Robust Trajectory Generation and Control for Quadrotor Motion Planning with Field-of-View Control Barrier Certification
Lishuo Pan, Mattia Catellani, Lorenzo Sabattini, Nora Ayanian
TL;DR
This work tackles distributed multi-robot coordination under communication-denied conditions with perception uncertainty by proposing a real-time trajectory and control framework certified by High-Order Control Barrier Functions. It unifies continuous-time HO-CBF safety with a discrete MPC-CBF optimization, using a linear surrogate and SQP to generate spline-based trajectories and controls that respect safety and field-of-view constraints at sampled times. The key contributions are a real-time distributed controller that preserves visual contact despite temporary tracking loss, a continuous-time trajectory/controller synthesis certified by CBFs, and an efficient MPC-CBF algorithm that approximates the certified solution for practical deployment.

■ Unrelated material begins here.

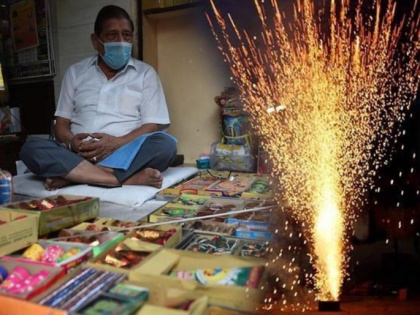 Fact Check: China sending special types of firecrackers & decorative lights to India to cause asthma, eye diseases? | Fact Check: China sending special types of firecrackers & decorative lights to India to cause asthma, eye diseases?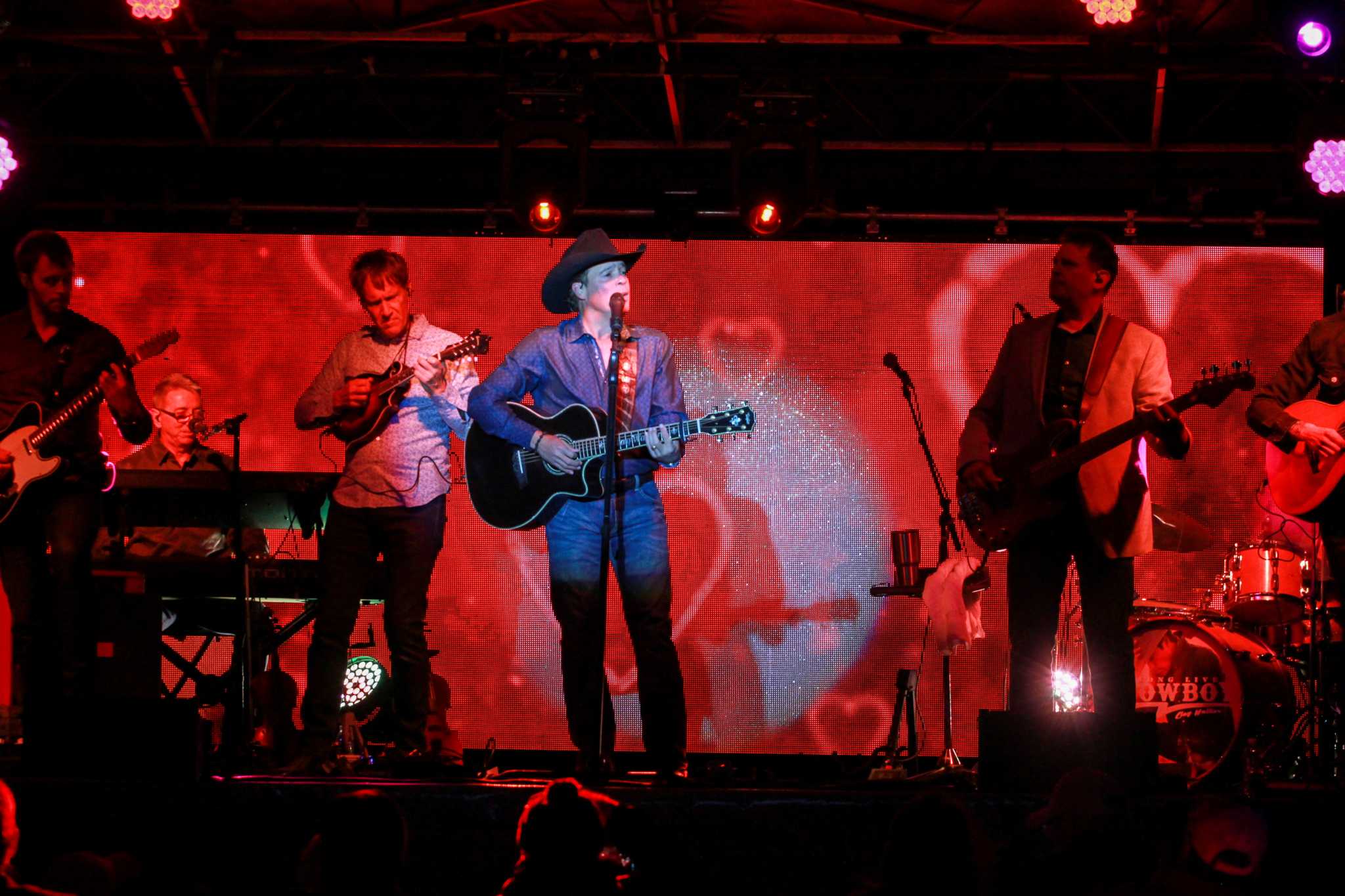 Texas native, Clay Walker brings the heart and soul of classic country ...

Demonstrated in simulations with up to 10 robots and in physical two-robot UAV experiments, the approach shows robustness to sensing noise, delays, and missed detections, improving task success rates over baseline reactive methods. This enables reliable, sensing-based coordination in environments with limited communications, with significant implications for search-and-rescue, formation control, and autonomous collaboration.
Abstract
Many approaches to multi-robot coordination are susceptible to failure due to communication loss and uncertainty in estimation. We present a real-time communication-free distributed navigation algorithm certified by control barrier functions, that models and controls the onboard sensing behavior to keep neighbors in the limited field of view for position estimation. The approach is robust to temporary tracking loss and directly synthesizes control to stabilize visual contact through control Lyapunov-barrier functions. The main contributions of this paper are a continuous-time robust trajectory generation and control method certified by control barrier functions for distributed multi-robot systems and a discrete optimization procedure, namely, MPC-CBF, to approximate the certified controller. In addition, we propose a linear surrogate of high-order control barrier function constraints and use sequential quadratic programming to solve MPC-CBF efficiently.